Hard Road
PublisherExhibit A
Date Published01 July 2013
Price£ 8.99

Hard Road

by J.B.Turner

Jon Reznick is a hard man doing a difficult job. When he fails to carry out an assassination, he unwittingly makes his 11-year-old daughter a pawn in a very dangerous game.


Ex-special forces soldier Jon Reznick works in a shadowy world of officially sanctioned executions. It’s dirty work and he does his best to keep his 11-year-old daughter well away from it. But when he fails to carry out his instructions to kill a man in a hotel bedroom, he unwittingly makes her a pawn in an extremely dangerous game.

Reznick commits the cardinal sin of questioning his orders, and it soon becomes apparent that he can’t trust anyone, not even the man who’s been his handler for several years. Reznick ends up on the run, determined to get his daughter back from the men who have abducted her and also filmed the brutal killing of his mother-in-law, just to show him how serious they are.

The more Reznick digs, the murkier everything around him becomes, but he has to trust someone and that person turns out to be the hard, competent FBI assistant director, Martha Mayerstein. She’s doing her own digging under extreme pressure, and with Reznick’s help uncovers a terrorist plot to cause havoc in the very heart of Washington DC.

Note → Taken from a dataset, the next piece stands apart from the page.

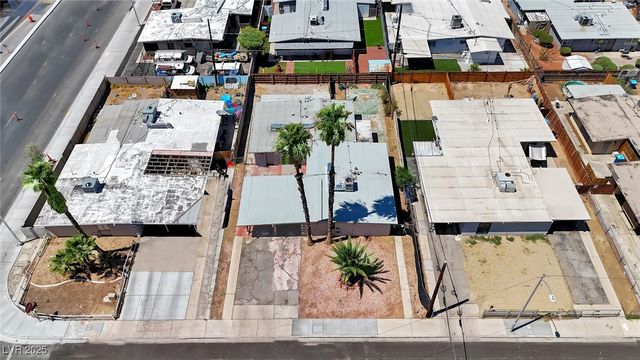 1205 Phillips Avenue, Las Vegas, NV 89104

A lone person’s struggle against seemingly insurmountable odds has always been a staple of thrillers and used to good effect – as J B Turner does here – this trope provides as good a backdrop as anything the genre has to offer. Reznick is tough, resourceful and very, very determined. He lost his wife in the 9/11 atrocity but there’s no way he’s going to lose his daughter as well. He’s also not prepared to be used as a pawn in someone else’s games and he makes that clear.

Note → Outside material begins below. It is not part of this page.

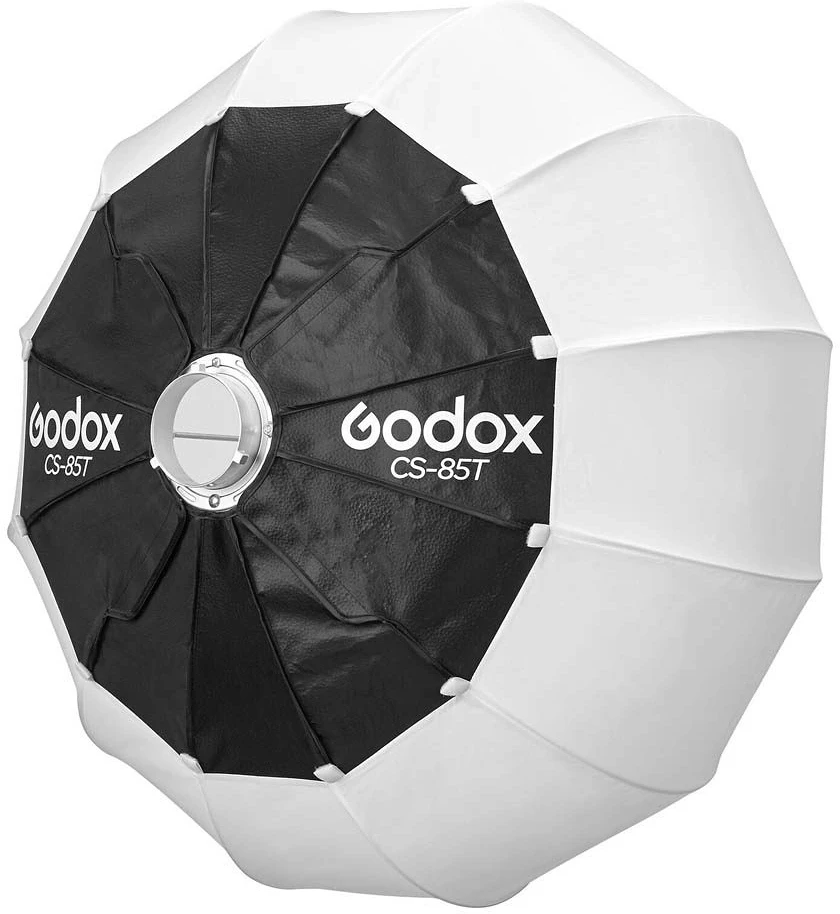 Godox CS 85T nagyítás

For a thriller to work for me, I have to either like or empathise in some way with the main character and, too often in thrillers, the writers make it hard to like an over-hyped tough guy who wise-cracks his way through a series of adrenaline-filled encounters. And for the record, no, I don’t like Jack Reacher’s particular brand of machismo. But I do like Matt Hilton’s Joe Hunter and Jon Reznick falls very firmly into that category. Turner pulls off the beleaguered protagonist scenario with a great deal of style and energy. The action scenes are fast and vivid, and the final pursuit rattles along at an impressive rate.

Reznick is a character I’d like to see more of, and I very much hope Martha Meyerstein comes along for the ride as well. She’s that rarely seen thing, a tough woman written both sympathetically and believably by a man.